LETTER FROM THE PRISON / Miklós Rékai
“My case is political, what they accuse me of is (not) dishonour…”
My father wrote this letter in pencil on a sheet of toilet paper from the prison in Fő Street to my mother, in 1950. Hoping that only the addressee would read it, he entrusted the message to an inmate released. Years ago, when the writing was still visible, I rewrote the calligraphic letters fading out. The stories hidden in the message have numerous branches, mostly war and Holocaust stories, some of which still continue, taking new and new forms under the pressure of other stories trying to oppress them; whoever conceals them, will die of them – and whoever relates them, will die of that. I cannot avoid telling our stories.

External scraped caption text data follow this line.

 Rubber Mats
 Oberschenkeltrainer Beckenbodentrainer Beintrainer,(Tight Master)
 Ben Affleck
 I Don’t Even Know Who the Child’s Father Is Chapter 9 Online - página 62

My father was at a loss when he was arrested, just like the agents arresting him had no clue regarding the purpose of their action, either. The interrogation began with torturing him, referring to details omitted from his biography, but as soon as the second session was over, the charge based on feigned statements started to take shape. Finally, he was found guilty of hiding weapons, neglecting military training as an officer, and of the careless treatment of classified documents. As, decades later, a party leader put it, the aim was to “replace the military officers’ corps”.
My father’s confessions as well as his indictment document skip those 3 months which he spent in 1943 at the Eastern Front as the commander of a labour service unit. What he did then can only be guessed on the basis of fragmented narratives and recollections. The political aims of the Communist system lifted him from the status of a perpetrator to that of the victim.

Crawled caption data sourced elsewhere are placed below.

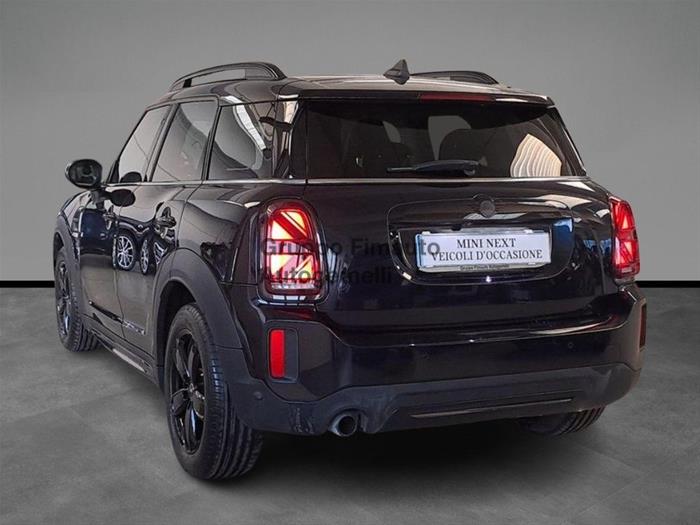Fimauto - MINI Countryman | ID 40952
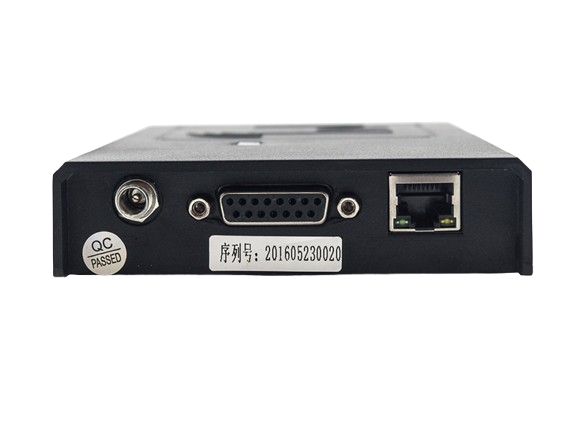 قارئ RFID UHF قصير المدى المتكامل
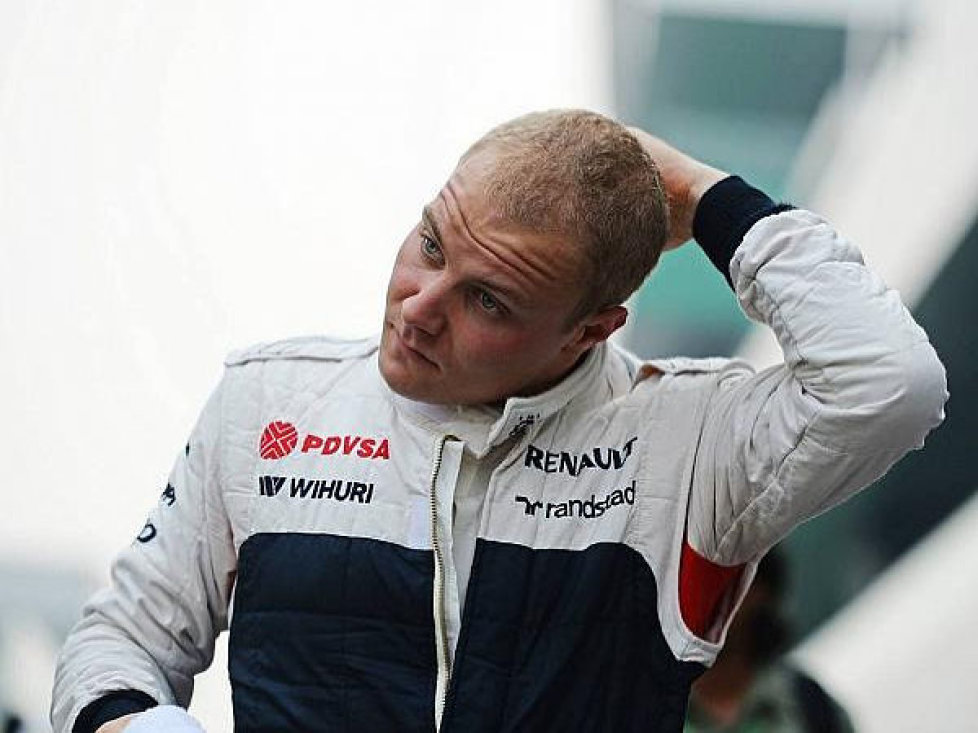 Valtteri Bottas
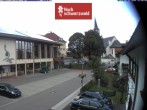 Archiv Foto Webcam Schönwald: Blick vom Gasthof Schwarzwaldtanne 15:00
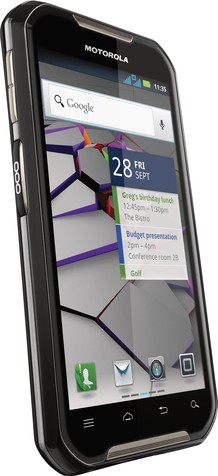 Motorola XT626 DOUBLE V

In his letter, the words of a husband in love and worrying for his family do not reveal any of that, nor the fact that my Jewish mother faced life threat in 1944 just like my father did six years later. But their fears have a far more ancient origin. Both of them were orphans, in multiple ways, and the terrors of war were familiar to them. That might be one of the strongest bonds between two people: love born in the moment of fatal danger.

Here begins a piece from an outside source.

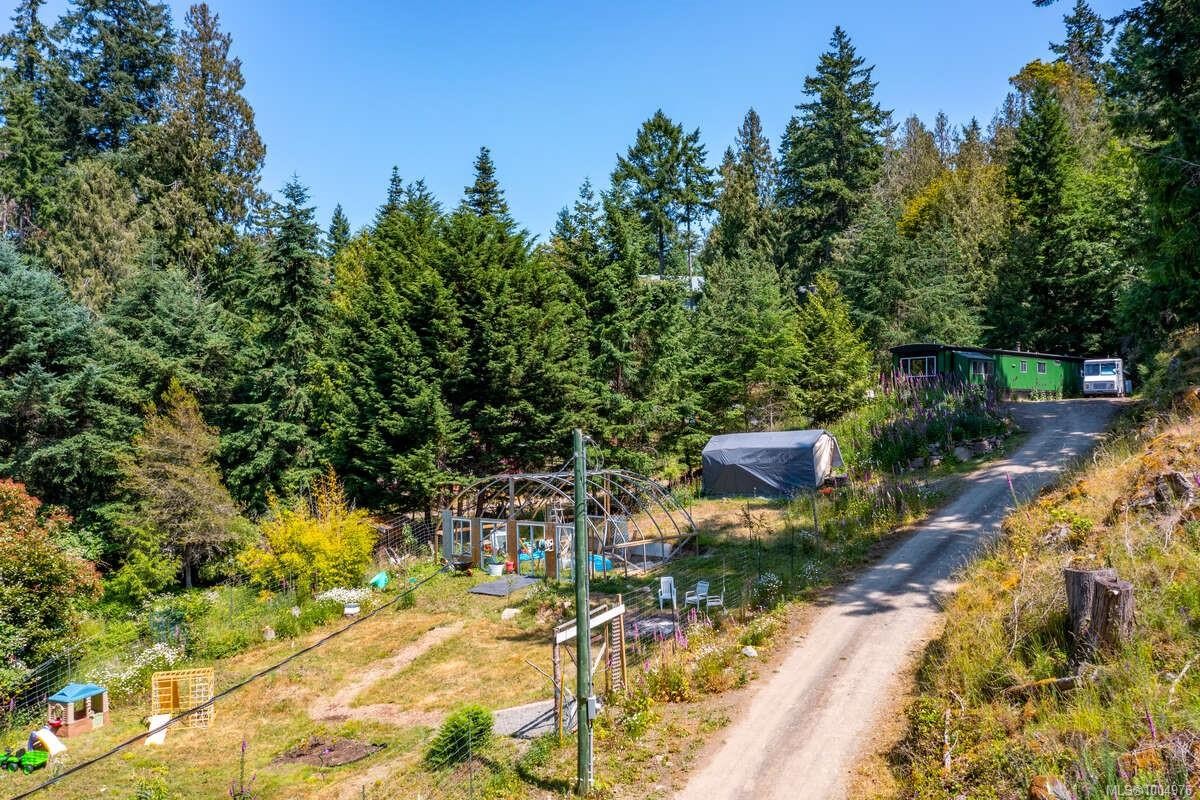 2620 Gunwhale Rd, Pender Island, BC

The military officers’ trials in the 50s regularly skipped the investigation of war crimes. The viewpoint of justice did not coincide with the aims of the dictatorial power, because the former may have easily made some of the liberating forces end up on the culprit’s seat. Overlapping stories and mutually exclusive systems of values block recollection and render it impossible to take moral stands unambiguously. For the second generation, it is risky to judge their parents’ deeds. Doing so, they would only enhance the conspiracy of silence, because, feeling ashamed, both the perpetrator and the victim are interested in that.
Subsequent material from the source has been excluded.